O(n^2) is bad - can it be fixed?

Fri May 25 16:17:44 EDT 2001

[Courageous]
> The use of the word "millions" is hyperbolous, yes?

Depends on the app, of course.  For example, you only need one dict mapping a few million keys to lists of associated
items to get a few million lists.  While not "a typical app", that's typical of *some* reasonable apps.

> I just can't imagine that adding a 32 bit number to every list in
> Python is all that big a deal.

Adding a new data member to a builtin type is always a big deal, and has gotten bigger lately due to the emerging
popularity of Python ports to small devices.  In any case, Guido rejected this idea the last time it went around (hence
my "no chance" -- nothing material has changed since then, and this is repetition of arguments made many times before).

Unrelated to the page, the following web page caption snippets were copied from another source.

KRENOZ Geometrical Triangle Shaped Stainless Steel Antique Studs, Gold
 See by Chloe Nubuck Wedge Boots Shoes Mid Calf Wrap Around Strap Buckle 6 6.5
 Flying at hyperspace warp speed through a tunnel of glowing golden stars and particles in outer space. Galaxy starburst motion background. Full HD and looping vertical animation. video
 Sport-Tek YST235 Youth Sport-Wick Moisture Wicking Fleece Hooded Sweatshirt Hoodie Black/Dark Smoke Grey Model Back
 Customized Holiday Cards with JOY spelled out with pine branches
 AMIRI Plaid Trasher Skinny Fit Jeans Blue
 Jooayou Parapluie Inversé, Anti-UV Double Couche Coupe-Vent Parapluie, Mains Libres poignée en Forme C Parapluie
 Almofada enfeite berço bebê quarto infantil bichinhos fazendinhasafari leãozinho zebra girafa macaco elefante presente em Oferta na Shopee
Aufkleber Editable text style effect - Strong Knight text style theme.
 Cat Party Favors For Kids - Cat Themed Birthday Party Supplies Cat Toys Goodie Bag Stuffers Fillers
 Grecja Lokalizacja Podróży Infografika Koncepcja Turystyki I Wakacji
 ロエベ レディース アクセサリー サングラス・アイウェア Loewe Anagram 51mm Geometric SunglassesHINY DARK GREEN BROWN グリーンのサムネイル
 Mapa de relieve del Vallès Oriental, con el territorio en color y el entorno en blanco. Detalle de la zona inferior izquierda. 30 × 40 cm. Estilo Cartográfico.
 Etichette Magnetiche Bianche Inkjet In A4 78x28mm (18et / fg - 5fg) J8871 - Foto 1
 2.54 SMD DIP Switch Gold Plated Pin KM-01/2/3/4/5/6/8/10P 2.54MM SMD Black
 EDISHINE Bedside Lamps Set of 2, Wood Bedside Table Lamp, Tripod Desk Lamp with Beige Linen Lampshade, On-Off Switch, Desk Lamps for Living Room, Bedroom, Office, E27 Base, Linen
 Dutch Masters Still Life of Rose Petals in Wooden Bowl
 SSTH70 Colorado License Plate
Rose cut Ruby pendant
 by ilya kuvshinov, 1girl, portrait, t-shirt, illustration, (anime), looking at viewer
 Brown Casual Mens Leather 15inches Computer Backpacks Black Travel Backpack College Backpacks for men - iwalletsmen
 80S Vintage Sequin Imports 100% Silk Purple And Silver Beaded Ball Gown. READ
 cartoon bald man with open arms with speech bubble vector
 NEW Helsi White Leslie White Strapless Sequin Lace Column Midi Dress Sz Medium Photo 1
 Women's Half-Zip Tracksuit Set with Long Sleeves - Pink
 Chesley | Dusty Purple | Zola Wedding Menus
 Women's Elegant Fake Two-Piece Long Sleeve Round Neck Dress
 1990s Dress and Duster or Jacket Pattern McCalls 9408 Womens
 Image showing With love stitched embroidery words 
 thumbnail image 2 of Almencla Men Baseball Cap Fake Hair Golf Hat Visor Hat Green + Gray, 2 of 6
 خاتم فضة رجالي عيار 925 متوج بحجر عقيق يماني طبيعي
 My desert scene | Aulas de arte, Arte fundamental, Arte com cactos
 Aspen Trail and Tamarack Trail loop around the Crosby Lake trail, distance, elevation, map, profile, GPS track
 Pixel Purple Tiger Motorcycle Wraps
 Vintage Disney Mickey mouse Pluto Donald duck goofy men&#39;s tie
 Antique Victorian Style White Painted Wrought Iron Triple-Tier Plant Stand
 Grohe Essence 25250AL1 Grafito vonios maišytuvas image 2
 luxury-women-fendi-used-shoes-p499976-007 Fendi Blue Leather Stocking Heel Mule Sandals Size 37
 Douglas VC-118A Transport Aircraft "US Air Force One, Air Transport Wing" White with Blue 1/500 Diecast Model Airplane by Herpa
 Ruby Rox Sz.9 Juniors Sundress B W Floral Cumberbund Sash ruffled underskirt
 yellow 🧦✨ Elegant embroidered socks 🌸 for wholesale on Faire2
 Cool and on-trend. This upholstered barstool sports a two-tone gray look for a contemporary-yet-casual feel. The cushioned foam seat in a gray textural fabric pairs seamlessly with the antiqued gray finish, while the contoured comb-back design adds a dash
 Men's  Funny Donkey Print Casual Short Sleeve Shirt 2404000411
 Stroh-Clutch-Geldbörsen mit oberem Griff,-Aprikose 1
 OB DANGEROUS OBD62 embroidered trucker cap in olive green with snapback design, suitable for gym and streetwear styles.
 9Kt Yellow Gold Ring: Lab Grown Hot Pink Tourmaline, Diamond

I'm going to try to stop the Win9X madness via a no-new-data hack, against the day we can do it right (via PyMalloc).
BTW, I'm actually more appalled that the current ROUNDUP macro uses integer division (a very slow operation on some
boxes).

> Do you have actual numbers here?

Every you time you run a Python program, it emails detailed runtime statistics to Guido via a secret backdoor in the
code.  And that's the real reason list.append() eventually slows down, but only on systems like Windows with poor email
performance <wink>.

> ...
> And there are alternatives; I can't be the only one to have written a
> list replacement.

I don't recall another list replacement implemented *as* a list.  More popular is to try some flavor of balanced tree,
or a skip list.

> ...
> The other day I modded my Python distro to do postmortem's on all
> Python dictionaries after a run of the pystone suite; this forced
> me to keep them from ever being destroyed

If you do this again, write the info you want to analyze to a text file (opened for append) at the start of
dict_dealloc().  Then you don't need to keep the dicts alive, and can write Python programs to analyze the text-file
dumps later.  For example, write out the dict size, and for those slots that aren't empty write the index and key hash
code (special-casing dummies).

BTW, pystone makes no attempt to model data usage:  it's an artificial benchmark from the Drhystone line, pasting
together senseless code contrived to recreate the aggregate operation-count statistics obtained from traces of "real
programs".  In pystone's case, it's a recoding in Python of a recoding in C of a synthetic Ada program that sought to
reproduce the relative operation counts across traced runs of some low-level integer systems programs.  Its relation to
"typical Python programs" is thus non-existent:  it makes no use of classes except to fake a C struct, makes heavy use
of module globals, and doesn't even use Python's "for" loop except to simulate Ada's integer-counter loop.  It makes no
explict use of dicts at all, and uses lists only to fake fixed-size C arrays; etc.  The best that can be said is that
what it measures *can* be measured <0.9 wink -- and that's useful, provided you don't read much into it>.